Life Insurance and the Pre-Immigration Client
Every life insurance professional knows that life insurance can be used to reduce, defer or eliminate taxes when used inside of a trust. The same is true for the client planning to immigrate to the United States and seeking tax and structuring advice.
Meet the Chiews
Mr. & Mrs. Ben & Lia Chiew, both 45, are residents of Shanghai and planning to move to the United States within the next two years. The couple has a clothing line and will move their company’s headquarters to the Boston area while continuing to manufacture in the Pearl River region. They have USD 50m in non-company related investments at a private bank in Hong Kong and three teenage children.

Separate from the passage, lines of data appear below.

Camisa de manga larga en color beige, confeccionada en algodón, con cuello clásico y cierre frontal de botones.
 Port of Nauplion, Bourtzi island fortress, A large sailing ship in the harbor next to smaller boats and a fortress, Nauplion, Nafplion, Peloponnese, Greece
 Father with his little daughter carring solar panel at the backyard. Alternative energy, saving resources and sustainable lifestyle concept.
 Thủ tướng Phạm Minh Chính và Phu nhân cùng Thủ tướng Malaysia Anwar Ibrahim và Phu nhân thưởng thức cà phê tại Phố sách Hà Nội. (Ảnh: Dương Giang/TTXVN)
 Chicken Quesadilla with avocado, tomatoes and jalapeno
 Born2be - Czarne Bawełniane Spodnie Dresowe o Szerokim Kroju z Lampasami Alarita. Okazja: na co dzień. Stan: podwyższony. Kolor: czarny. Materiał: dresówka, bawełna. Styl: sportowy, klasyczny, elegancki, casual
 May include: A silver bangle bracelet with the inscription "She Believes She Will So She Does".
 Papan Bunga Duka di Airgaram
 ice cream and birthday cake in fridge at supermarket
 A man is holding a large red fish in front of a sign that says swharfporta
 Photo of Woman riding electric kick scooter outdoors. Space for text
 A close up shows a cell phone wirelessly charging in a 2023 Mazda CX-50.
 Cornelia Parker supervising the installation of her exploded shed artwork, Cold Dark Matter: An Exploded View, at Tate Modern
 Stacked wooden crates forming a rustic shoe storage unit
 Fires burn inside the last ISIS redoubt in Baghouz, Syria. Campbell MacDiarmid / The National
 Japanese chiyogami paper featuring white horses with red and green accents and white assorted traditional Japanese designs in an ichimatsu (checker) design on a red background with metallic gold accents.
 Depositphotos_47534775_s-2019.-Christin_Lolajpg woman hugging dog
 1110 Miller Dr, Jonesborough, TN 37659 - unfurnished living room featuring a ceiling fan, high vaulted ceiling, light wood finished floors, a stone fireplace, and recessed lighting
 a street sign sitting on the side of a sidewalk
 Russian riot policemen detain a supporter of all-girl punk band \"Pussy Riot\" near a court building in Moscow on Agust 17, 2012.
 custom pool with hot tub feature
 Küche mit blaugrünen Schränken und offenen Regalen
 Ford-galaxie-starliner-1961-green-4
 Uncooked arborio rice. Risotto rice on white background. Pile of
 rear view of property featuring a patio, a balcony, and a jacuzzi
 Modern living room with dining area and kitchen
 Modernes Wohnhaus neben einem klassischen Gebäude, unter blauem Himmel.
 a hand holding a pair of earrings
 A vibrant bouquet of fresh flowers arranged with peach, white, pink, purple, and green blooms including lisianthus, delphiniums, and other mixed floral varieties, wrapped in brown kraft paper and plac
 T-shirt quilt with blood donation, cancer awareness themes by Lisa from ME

Mr. & Mrs. Chiew have sought advice from an international tax expert at a major law firm who has a mix of good news and some bad news for his clients.
“Read My Lips: No New Taxes” – George H.W. Bush
The bad news is that once the Chiews move to the U.S. and become U.S. taxpayers, they will be taxed on their worldwide income. It would be wise, advises their attorney, to move their non-U.S.-domiciled investments into a trust and, technically, outside of their control, before they trigger U.S. taxpayer status.
The good news is the United States permits nearly unlimited transfers of gifts from a non-U.S. taxpayer to a U.S. taxpayer without a tax consequence. As gift tax is assessed on the maker of a gift and a non-U.S. taxpayer is not subject to U.S. taxation, no gift tax is due. While this sounds extremely generous of the Treasury Department, the thought is that the IRS will eventually get its bite of the apple after the gift ends up with a U.S. taxpayer.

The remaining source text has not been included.